Recalled from childhood, a dream
a nightmare, a bear, towering
enveloping me in my crib
forearms crushing my face to his furred chest
and the struggle to find air.
Another, in adolescence, beautiful
silent, perhaps foretelling an unfurling to come,
a peacock spreading his colors above the backyard fence.
These edges were sharp, defined
memorable still despite the intervening years,
leaving no doubt that they were dreams.
In midlife, two new dreams began unspooling
over and over, looping frequently.
In one my legs would fail, suddenly,
crumpling me like a rag doll
limp on the floor, unnoticed by the passing world.

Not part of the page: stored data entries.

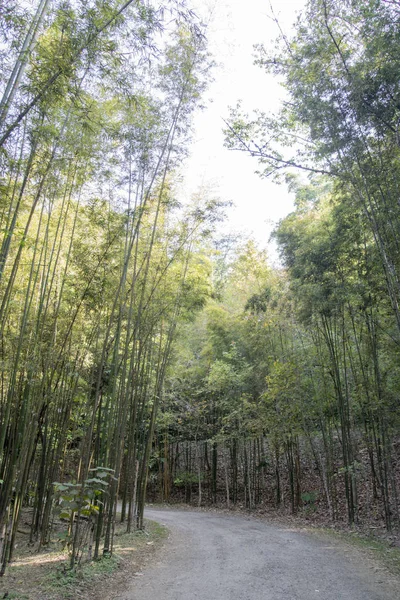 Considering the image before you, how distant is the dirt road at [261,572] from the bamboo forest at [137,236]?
858 mm

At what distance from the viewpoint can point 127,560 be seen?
14.4 feet

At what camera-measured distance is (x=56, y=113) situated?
3234 millimetres

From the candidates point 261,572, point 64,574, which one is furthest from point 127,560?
point 261,572

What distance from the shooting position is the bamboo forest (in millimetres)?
3087

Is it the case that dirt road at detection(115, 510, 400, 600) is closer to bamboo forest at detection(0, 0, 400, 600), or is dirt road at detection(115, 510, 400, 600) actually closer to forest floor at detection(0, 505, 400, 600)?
forest floor at detection(0, 505, 400, 600)

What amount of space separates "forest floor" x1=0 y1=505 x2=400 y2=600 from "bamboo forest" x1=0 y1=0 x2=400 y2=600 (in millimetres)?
181

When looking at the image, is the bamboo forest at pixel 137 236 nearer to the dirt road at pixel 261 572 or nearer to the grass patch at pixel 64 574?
the grass patch at pixel 64 574

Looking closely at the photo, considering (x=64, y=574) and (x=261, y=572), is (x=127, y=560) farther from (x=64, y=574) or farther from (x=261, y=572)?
(x=261, y=572)

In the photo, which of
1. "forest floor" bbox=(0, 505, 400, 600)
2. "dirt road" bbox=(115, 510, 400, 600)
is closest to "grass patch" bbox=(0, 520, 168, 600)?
"forest floor" bbox=(0, 505, 400, 600)

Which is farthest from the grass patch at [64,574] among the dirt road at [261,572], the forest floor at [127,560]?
the dirt road at [261,572]

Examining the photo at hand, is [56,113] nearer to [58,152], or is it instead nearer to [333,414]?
[58,152]

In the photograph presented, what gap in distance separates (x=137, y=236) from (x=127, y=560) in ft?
12.5

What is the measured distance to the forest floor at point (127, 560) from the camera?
10.8ft

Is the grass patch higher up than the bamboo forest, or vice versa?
the bamboo forest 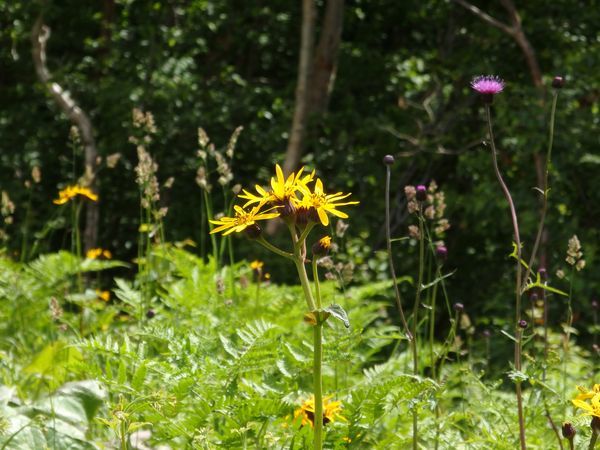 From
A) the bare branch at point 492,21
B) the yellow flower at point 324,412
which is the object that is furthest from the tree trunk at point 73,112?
the yellow flower at point 324,412

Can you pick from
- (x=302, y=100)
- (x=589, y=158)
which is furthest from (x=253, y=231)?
(x=302, y=100)

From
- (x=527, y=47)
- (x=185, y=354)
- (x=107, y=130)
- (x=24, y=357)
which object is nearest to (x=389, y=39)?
(x=527, y=47)

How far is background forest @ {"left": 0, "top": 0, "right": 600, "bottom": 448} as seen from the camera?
6.25 meters

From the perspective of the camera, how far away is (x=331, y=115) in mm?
7309

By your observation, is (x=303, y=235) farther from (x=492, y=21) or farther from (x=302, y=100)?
(x=302, y=100)

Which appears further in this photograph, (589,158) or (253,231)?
(589,158)

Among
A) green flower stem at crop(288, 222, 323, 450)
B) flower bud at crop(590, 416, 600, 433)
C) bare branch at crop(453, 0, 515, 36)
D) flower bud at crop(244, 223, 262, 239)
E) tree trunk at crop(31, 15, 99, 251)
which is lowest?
tree trunk at crop(31, 15, 99, 251)

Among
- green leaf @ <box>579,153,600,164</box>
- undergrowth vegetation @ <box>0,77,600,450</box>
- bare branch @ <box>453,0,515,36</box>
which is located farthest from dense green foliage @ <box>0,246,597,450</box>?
bare branch @ <box>453,0,515,36</box>

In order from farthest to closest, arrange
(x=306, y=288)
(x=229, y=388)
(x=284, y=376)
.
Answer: (x=284, y=376), (x=229, y=388), (x=306, y=288)

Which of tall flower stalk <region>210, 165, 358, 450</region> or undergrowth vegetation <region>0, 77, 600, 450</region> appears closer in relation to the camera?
tall flower stalk <region>210, 165, 358, 450</region>

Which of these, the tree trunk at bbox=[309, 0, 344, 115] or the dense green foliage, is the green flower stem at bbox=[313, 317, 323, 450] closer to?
the dense green foliage

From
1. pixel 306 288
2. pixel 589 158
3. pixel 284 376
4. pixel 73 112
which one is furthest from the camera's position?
pixel 73 112

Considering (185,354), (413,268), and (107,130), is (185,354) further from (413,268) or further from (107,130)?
(107,130)

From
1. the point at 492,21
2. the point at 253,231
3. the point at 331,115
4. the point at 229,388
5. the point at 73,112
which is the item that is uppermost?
the point at 492,21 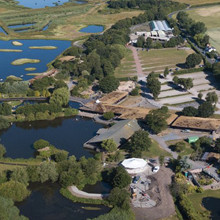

In the other I could bound, spring upward
gazelle-like , untethered from gravity.
I paid them no heed.
Those dreams no longer visit.
Somehow, I failed to read the omens,
to forsee that one dark night, I would fall,
lie crumpled on the wet earth
among the sturdy trunks of apple trees.
I did not dream that struggle to rise,
to pull myself up, the fall again
and again and yet again
until beginning the creep
toward the familiar path, dragging my fear
toward the safe and lamp bright house.
Now, nearing eighty, I read that elders have vivid dreams.
When I wake in the night, I am not frightened
of what I cannot see or do not know.
Dreams cling like webs, must be brushed away
before, awake, I take my uncertain steps.
I am not afraid of dreams.
I am afraid of falling and failing to rise.